═════ DATASET CONTENT

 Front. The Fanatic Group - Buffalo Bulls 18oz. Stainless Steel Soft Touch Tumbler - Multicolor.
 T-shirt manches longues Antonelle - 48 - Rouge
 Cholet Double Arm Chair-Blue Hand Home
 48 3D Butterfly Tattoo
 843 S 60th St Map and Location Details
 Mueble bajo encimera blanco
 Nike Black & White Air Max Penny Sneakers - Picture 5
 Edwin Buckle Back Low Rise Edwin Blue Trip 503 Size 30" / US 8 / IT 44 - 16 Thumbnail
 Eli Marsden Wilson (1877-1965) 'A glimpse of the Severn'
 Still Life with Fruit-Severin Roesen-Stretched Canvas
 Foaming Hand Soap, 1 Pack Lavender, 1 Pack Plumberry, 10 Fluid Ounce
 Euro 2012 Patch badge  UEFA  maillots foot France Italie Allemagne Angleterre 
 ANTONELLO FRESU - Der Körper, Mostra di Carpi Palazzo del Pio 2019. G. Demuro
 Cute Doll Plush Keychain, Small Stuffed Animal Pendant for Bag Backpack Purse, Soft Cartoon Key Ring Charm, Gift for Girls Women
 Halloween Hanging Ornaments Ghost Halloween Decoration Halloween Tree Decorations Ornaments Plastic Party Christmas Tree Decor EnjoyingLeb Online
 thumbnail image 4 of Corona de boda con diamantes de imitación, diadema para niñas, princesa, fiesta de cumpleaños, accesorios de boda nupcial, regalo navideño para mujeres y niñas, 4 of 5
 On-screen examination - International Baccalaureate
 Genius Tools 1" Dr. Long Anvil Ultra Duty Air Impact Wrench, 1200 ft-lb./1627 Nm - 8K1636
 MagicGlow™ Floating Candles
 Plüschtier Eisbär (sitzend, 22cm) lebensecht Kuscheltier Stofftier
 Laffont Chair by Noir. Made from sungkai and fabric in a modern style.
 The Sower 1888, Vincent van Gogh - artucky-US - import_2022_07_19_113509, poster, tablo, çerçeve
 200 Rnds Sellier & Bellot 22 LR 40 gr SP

══════════

| ASSIGNMENT |
Could you print, exactly and with nothing else, the lines from the one containing "Plüschtier Eisbär (sitzend, 22cm)" through the last line of the records above?

| TASK OUTPUT |
 Plüschtier Eisbär (sitzend, 22cm) lebensecht Kuscheltier Stofftier
 Laffont Chair by Noir. Made from sungkai and fabric in a modern style.
 The Sower 1888, Vincent van Gogh - artucky-US - import_2022_07_19_113509, poster, tablo, çerçeve
 200 Rnds Sellier & Bellot 22 LR 40 gr SP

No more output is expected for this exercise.